Orsos Island costs $4.6 million, is 20 meters wide by 37 meters long.                                     Source: Gabor Orsos

What would be the cost of a floating island the size of Hawaii’s main island? For comparison a 1,000 square meter (approximately 10,000 square feet) floating island currently being offered on the market costs $4.6 million U.S. It can accommodate 12. Adding a perimeter to grow land-based crops is extra. With 1,000,000 square meters to a square kilometer, the cost of accommodating 12,000 people not including space for agricultural pursuits would amount to $4.6 billion. An Hawaiian sized project would be 10,000 times that cost based on existing floating island concepts. Would the cost come down, however, if the raw materials used in creating the island came from the plastic garbage in the North Pacific gyre and if mass production principles were applied? Probably, but it remains a very expensive proposition. So the question to ask is “Is this more WHIMsical than real?” What do you my readers think of floating islands as both a way to deal with the garbage time bomb and a solution for those who may find themselves victims of climate change and rising sea levels? We know that the Maldive Islands are pursuing this course but is what they are doing as crazy as it sounds?

Plastic garbage in the ocean can be used to build recycled islands

WHIM’s idea is seen in the picture above as a prototype containing a single family home with a solar roof and wave motion energy systems.
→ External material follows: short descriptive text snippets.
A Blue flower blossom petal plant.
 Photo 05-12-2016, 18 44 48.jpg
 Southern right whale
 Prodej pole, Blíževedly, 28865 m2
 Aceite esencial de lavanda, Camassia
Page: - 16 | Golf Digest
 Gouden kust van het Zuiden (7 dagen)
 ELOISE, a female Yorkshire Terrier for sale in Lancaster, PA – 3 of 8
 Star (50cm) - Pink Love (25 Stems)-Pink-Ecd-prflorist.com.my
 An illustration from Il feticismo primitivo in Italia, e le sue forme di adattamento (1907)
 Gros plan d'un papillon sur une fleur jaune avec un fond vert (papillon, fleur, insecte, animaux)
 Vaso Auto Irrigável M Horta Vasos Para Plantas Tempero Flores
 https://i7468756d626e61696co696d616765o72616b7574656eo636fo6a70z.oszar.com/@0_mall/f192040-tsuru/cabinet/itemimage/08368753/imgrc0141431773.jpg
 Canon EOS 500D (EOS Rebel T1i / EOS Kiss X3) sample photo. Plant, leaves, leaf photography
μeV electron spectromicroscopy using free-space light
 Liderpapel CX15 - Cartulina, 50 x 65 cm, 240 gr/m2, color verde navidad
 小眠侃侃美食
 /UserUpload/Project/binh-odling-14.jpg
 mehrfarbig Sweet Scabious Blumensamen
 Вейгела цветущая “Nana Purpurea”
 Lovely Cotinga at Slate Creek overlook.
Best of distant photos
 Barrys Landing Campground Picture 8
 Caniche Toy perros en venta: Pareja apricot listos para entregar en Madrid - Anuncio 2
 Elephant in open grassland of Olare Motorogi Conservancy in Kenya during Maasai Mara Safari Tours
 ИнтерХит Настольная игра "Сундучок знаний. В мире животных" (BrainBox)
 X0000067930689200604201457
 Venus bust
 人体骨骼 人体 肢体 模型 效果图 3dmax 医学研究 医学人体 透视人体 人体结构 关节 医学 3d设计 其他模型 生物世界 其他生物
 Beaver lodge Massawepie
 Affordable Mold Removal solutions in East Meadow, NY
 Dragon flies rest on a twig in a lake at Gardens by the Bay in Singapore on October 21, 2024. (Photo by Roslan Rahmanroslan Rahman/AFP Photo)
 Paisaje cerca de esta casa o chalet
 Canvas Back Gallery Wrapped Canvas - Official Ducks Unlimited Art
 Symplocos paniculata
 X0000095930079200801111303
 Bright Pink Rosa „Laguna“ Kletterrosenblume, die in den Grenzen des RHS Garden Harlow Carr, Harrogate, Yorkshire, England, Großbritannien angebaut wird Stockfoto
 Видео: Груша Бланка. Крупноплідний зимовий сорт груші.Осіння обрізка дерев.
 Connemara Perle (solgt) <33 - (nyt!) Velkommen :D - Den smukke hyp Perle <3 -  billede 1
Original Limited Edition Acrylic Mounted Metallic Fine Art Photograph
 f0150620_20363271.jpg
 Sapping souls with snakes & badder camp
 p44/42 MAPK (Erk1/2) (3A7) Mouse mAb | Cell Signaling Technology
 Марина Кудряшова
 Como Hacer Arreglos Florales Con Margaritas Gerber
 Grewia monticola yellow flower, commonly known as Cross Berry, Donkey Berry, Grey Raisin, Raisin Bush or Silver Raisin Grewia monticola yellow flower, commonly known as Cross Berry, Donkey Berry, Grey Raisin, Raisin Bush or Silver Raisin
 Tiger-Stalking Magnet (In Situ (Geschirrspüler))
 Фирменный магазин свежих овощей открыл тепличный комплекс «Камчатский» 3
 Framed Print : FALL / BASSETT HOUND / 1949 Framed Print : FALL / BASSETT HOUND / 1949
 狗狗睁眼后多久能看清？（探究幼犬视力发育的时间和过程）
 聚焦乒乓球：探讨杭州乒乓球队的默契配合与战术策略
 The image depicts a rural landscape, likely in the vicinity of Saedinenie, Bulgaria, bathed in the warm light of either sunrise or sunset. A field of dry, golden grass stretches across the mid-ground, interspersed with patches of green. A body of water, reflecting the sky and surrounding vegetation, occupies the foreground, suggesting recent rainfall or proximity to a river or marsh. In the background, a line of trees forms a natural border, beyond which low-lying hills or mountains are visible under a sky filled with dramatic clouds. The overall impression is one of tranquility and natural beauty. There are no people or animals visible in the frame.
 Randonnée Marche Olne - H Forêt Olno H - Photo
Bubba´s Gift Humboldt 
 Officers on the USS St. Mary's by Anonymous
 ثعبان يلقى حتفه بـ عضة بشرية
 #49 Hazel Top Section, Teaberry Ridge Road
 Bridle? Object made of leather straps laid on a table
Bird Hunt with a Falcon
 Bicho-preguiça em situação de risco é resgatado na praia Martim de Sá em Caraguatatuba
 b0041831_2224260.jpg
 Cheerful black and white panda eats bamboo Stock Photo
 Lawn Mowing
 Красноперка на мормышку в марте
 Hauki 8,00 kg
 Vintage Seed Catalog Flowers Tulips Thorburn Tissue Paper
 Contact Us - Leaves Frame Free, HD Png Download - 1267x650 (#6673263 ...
The inhabitants would grow crops on the island’s floating surface, use compost from toilet and gray water waste, osmotic filtering for fresh water, harvest seaweed for fertilizer and food, practice aquaculture, and continue to recycle plastic to extend their seaworthy floating bases.                             Source: Recycled Island


Len Rosen lives in Toronto, Ontario, Canada. He is a researcher and writer who has a fascination with science and technology. He is married with a daughter who works in radio, and a miniature red poodle who is his daily companion on walks of discovery. More...


  • Niccolo5

    “So the question to ask is “Is this more WHIMsical than real?” What do you my readers think of floating islands as both a way to deal with the garbage time bomb and a solution for those who may find themselves victims of climate change and rising sea levels? We know that the Maldive Islands are pursuing this course but is what they are doing as crazy as it sounds?”

    Might be even crazier. If you want something cheap that floats a long time in the ocean you probably need to make it of glass, not plastic. Recycled broken glass could be re-melted and formed into sealed cylindrical floats 12-inches by 24-inches giving a displacement of 1.57 cu feet. Each glass float would provide about 100-pounds of gross buoyancy. The float itself would weigh about 32-pounds, so each glass float would provide 68-pounds of payload buoyancy. Truckloads of scrap glass should sell for less than $100/ton; so, raw material cost for a ton of scrap glass float payload buoyancy would be about $35. The glass floats would need to transfer their buoyancy to the main structure, which would need to be fashioned of some cost effective marine environment stainless steel, such as 2205. As attractive as all that might sound, glass is only strong in compression. It’s brittle and weak in tension so float attachment systems would have to avoid tension loads. Seems likely no “scrap” material would be as cost effective as just building new barges out of 2205 stainless, which should hold up for a couple of centuries.

    The only way to solve the gyre garbage dump problem is for all major nations to impose stiff penalties for ocean dumpers (you can’t trade in our ports if you dump in the oceans!), and if you really want to clean up the mess you would need hundreds of special built nuclear powered skimmer ships collecting and pyrolytically destroying the garbage for a decade or so. This is a case where dilution is probably a fair solution. Just impose standards that there is no dumping of anything that floats or which won’t promptly decompose. The annual carbon load into the atmosphere of burning all flammable garbage at sea would be trivial in contrast to global burning of fossil fuels.